Well, if you did not publish, and your thesis is not available, you really can't complain that somebody else's similar independently performed work is not novel - they had no reasonable way of knowing about your work.

Really, the only way to approach it is the first way. And learn that undocumented work buried in a drawer somewhere does not exist as far as the rest of humanity is concerned. Going forward, document and publish (as appropriate) your work (document for internal business use, publish for the outside world).


The editor is not the person to talk to here, but rather the authors of the paper:

"I was reading your paper and wanted to share that I found something similar to you in my unpublished thesis from 2014, thought this might be of interest to you: (link to or attachment containing thesis)"

No accusations (they've done nothing wrong), nothing combative like contacting an editor (which would imply they did something wrong). There is nothing they need to change with their original paper, but if they do future work to follow up they can now consider citing your work.


I would suggest something intermediate between your two proposals. There is no reason not to contact the editor and point to your thesis. But don't make a claim that the new work isn't "novel" since it truly is if done independently as seems to be the case.

The one thing you might possibly get is a note, pointing to your thesis, hence to you, that the same ground was covered in an unpublished dissertation.

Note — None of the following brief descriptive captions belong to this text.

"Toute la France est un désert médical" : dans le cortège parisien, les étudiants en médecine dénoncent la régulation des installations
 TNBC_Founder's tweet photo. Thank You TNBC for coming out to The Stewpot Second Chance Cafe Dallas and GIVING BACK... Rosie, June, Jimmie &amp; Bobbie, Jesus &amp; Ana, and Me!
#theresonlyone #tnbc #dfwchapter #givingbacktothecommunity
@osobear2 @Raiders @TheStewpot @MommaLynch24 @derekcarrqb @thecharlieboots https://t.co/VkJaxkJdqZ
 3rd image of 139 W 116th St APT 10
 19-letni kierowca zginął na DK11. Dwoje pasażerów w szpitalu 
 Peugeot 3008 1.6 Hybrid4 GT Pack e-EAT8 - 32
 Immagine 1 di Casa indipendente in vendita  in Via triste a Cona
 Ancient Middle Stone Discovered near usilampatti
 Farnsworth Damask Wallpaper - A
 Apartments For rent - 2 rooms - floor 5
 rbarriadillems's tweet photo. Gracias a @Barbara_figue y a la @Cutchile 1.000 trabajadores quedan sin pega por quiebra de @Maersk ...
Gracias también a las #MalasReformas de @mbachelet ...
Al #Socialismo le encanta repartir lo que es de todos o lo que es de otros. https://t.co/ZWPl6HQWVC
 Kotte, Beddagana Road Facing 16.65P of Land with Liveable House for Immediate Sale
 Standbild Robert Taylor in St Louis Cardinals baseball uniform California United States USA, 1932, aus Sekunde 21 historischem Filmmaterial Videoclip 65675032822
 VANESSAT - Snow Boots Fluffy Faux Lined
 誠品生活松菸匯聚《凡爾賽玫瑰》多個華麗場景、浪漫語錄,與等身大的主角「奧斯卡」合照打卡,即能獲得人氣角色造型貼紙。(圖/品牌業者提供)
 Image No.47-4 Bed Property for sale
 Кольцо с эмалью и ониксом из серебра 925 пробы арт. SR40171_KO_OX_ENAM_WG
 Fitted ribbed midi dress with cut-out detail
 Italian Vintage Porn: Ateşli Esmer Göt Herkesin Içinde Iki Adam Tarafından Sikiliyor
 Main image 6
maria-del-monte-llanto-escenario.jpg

That might happen or not,

But, if you are also still interested in the topic and want to continue to extend it, you can contact the authors also, both congratulating them and pointing to your earlier work. That, along with a suggestion of collaboration in the future.

Independent work is very common. It is especially common in popular research areas. Everyone has access to the same background and many people are thinking along the same lines.

I'll also note that Newton and Leibniz had the same sort of issue, with Newton's early work left "in a drawer".